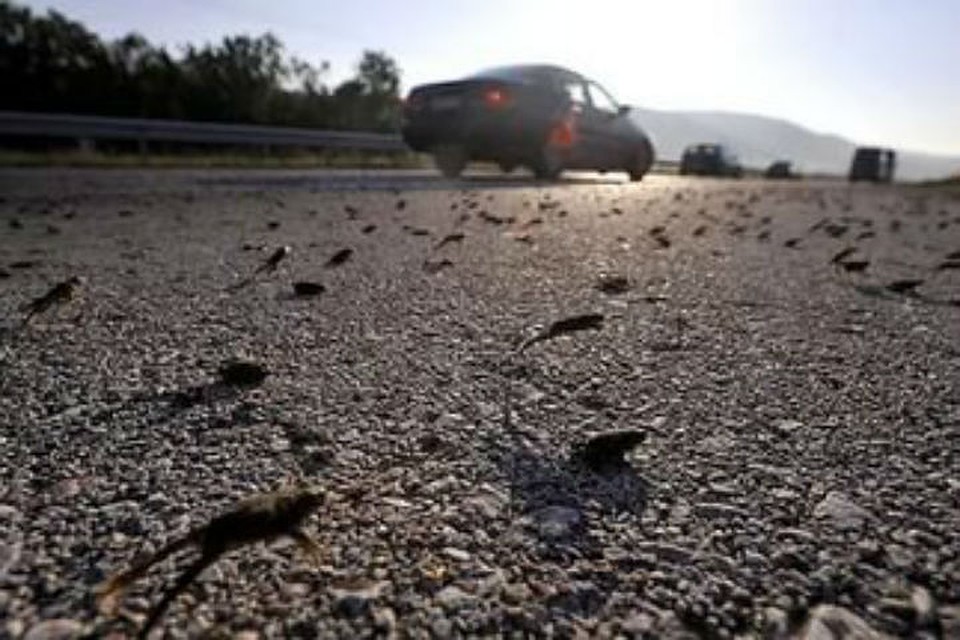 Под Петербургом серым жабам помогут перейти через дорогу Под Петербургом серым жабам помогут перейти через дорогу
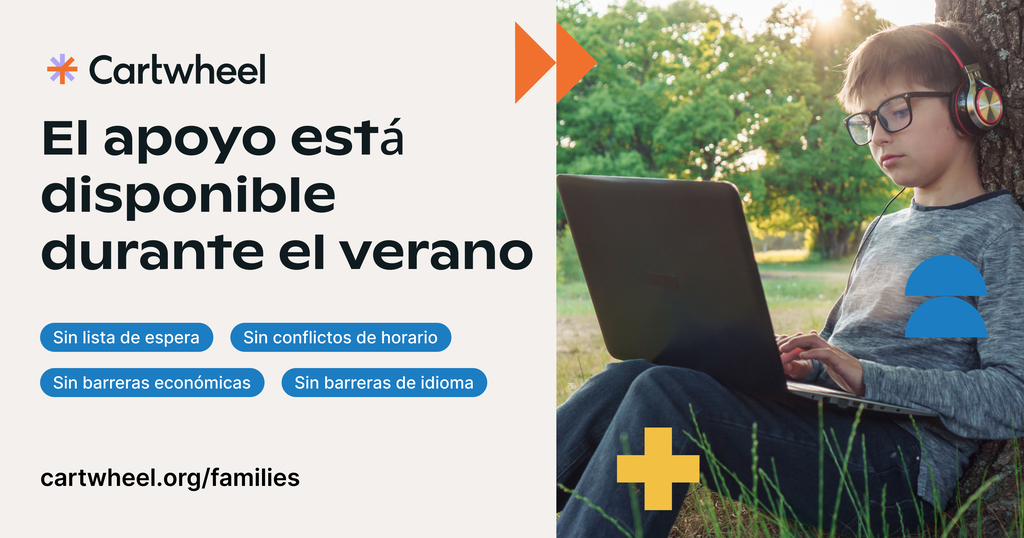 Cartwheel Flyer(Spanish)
* * *
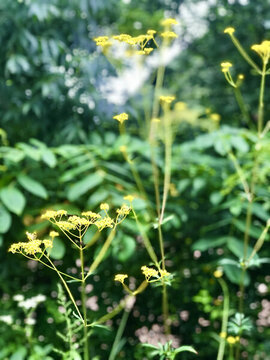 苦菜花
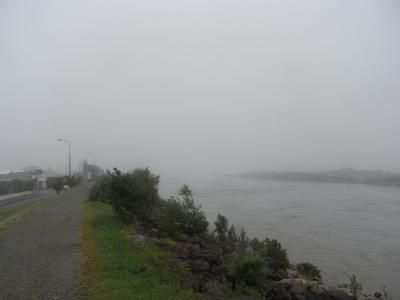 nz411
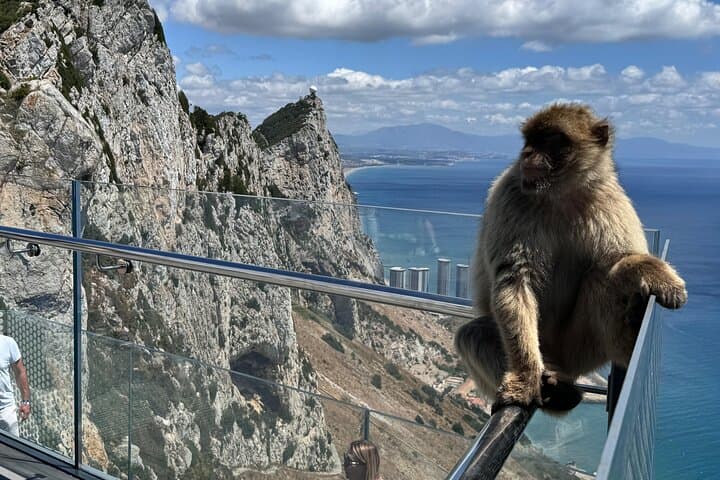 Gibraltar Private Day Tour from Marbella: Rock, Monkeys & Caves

Work order
From the data above, retype only the lines starting with the line with "Под Петербургом серым жабам помогут перейти через дорогу Под" and going on through the line with "Cartwheel Flyer(Spanish)", exactly, leaving out the pictures.

Task output
 Под Петербургом серым жабам помогут перейти через дорогу Под Петербургом серым жабам помогут перейти через дорогу
 Cartwheel Flyer(Spanish)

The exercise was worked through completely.